Previously, Grazioli created the aforementioned Jelly Tip cone and an All Blacks cone in the form of a boot (replete with Adidas branding), which took around 6 to 7 months to create.
Most recently, he also launched the Yorkshire pudding cone with the help of a recipe from Yorkshire-born, Auckland based chef Sean Connolly. And he even created some edible miniature roadcones (filled with cherry plum ice cream) for an art show on Karangahape Road.
3. Better spores
We’re pretty accustomed to enjoying mould in foods like blue-vein cheese. And born out of wanting know whether this gastronomic experience could be extended to other foods, Grazioli commissioned four Otago University students to look into the application of the same process in chocolate.
Grazioli has also commissioned research with AUT toward the development of better bacteria for yoghurt, not only because of the taste but also because of the health properties.
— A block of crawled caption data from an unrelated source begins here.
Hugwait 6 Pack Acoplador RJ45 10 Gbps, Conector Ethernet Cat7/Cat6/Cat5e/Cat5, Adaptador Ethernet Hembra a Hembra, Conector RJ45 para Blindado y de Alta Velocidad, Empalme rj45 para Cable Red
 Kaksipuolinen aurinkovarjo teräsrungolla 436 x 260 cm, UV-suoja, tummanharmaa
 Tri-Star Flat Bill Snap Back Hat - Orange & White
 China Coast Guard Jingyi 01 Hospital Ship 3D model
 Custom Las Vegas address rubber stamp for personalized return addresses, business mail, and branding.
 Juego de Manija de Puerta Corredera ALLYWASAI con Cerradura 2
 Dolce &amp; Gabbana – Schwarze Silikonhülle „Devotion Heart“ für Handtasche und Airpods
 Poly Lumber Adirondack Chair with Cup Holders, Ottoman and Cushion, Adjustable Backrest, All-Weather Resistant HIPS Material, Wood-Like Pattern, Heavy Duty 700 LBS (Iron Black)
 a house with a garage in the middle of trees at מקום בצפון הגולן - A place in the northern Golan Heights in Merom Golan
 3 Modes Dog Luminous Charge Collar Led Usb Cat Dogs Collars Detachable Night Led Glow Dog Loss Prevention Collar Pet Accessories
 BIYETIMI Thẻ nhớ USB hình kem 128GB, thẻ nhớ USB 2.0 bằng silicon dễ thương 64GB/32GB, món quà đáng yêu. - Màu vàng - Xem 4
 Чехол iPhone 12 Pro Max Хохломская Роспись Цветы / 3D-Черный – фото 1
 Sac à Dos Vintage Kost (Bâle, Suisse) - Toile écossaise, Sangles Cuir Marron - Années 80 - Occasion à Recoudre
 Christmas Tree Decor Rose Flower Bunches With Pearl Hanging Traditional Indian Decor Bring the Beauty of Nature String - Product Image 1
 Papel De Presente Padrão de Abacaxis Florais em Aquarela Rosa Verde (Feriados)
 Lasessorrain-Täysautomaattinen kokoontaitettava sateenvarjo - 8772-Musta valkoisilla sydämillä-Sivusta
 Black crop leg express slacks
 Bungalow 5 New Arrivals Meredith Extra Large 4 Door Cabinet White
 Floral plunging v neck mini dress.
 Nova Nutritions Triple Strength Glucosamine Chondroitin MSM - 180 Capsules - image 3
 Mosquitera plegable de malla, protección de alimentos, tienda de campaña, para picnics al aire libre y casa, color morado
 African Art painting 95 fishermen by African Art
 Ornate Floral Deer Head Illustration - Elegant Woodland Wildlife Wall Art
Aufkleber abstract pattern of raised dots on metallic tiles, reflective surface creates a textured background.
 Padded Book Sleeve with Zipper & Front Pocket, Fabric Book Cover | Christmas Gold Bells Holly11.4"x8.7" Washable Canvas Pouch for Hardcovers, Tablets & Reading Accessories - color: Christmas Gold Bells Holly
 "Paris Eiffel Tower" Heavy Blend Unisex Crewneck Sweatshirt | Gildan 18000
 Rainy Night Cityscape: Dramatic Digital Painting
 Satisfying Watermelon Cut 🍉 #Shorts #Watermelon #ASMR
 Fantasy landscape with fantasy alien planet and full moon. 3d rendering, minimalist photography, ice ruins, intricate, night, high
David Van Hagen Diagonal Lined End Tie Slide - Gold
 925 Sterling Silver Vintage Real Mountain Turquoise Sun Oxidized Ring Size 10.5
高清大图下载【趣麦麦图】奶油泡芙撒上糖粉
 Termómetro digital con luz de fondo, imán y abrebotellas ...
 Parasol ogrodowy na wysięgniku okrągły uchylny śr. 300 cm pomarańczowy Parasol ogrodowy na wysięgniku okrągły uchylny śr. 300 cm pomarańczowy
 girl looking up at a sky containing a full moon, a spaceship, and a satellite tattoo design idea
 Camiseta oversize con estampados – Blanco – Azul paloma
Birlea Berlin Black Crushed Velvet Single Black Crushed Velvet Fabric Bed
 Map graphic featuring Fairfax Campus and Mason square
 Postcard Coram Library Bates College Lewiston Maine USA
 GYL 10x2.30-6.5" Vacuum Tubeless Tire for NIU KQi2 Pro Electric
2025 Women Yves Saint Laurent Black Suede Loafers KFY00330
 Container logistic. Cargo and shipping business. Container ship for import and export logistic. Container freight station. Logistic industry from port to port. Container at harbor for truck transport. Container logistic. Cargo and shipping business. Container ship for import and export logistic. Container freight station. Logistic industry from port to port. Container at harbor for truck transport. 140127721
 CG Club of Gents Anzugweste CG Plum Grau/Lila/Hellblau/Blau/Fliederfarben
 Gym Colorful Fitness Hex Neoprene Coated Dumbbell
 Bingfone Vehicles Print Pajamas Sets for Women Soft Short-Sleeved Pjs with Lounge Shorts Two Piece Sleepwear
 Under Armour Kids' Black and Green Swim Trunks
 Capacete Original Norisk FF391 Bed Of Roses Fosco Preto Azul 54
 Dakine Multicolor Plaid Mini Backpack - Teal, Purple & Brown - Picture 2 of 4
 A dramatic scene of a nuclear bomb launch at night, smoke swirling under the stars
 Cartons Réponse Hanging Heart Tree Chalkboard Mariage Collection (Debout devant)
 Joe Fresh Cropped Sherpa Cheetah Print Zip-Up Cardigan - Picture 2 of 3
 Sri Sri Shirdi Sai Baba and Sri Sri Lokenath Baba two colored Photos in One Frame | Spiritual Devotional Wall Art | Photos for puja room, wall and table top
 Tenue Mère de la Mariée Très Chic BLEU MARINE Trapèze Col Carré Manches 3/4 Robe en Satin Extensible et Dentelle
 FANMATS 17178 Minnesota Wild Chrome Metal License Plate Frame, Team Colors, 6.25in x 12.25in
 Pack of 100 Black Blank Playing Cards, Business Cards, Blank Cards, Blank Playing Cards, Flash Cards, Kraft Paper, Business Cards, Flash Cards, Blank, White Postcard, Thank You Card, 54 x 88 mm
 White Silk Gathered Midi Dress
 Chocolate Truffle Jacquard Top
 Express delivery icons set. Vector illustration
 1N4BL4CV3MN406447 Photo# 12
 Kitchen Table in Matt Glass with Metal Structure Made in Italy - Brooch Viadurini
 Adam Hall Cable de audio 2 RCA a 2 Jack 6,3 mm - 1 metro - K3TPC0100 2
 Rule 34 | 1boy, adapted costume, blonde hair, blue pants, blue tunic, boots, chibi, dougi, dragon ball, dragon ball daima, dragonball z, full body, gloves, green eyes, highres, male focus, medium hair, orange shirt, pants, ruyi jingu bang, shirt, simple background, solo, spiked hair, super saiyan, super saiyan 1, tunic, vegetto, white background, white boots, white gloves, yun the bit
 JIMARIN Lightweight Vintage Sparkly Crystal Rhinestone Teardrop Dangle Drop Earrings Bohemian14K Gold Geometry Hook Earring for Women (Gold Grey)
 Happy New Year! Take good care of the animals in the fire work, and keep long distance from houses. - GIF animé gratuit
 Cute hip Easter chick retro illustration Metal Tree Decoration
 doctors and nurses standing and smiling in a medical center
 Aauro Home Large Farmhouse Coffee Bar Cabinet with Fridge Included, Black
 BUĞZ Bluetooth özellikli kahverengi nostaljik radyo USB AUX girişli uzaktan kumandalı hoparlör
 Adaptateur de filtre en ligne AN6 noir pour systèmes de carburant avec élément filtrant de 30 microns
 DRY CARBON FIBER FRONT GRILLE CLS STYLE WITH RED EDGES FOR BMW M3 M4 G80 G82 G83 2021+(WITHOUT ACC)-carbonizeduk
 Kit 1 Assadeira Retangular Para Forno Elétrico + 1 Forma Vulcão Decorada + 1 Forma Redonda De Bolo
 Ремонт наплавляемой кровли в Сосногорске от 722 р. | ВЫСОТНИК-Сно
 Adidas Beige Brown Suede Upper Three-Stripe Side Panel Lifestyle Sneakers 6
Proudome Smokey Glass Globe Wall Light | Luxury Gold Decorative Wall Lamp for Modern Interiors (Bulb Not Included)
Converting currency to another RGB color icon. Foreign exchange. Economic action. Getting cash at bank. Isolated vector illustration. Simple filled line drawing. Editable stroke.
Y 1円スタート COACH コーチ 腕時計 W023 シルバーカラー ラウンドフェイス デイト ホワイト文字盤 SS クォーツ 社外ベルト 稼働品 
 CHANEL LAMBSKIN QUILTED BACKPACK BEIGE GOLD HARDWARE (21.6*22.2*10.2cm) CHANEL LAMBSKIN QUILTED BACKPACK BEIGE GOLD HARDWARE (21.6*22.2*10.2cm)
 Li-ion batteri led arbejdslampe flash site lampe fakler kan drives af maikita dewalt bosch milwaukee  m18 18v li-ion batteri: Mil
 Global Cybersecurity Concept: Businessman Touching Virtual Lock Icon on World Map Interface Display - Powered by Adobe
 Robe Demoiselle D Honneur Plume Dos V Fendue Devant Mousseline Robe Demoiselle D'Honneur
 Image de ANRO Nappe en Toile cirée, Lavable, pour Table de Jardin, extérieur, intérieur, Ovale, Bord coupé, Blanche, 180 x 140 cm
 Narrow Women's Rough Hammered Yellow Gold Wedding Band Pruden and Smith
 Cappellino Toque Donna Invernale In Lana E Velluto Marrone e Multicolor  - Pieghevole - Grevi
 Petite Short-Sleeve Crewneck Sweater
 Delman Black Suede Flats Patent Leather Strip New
Thankfully, perhaps, Grazioli hasn’t been tempted to create new products from the bacteria found in belly buttons, toes, nether regions or other bodily crevasses, like some other mad scientists. But don’t be surprised if he does.
4. Better music
There’s a reason you always hear music playing at Giapo. Working with his alma mater, AUT, Grazioli collaborated with researchers from the applied science school for a study and showed that that “people who ate chocolate gelato while listening to their favourite song reported higher levels of positive emotions and sweetness than when listening to their least favourite song.”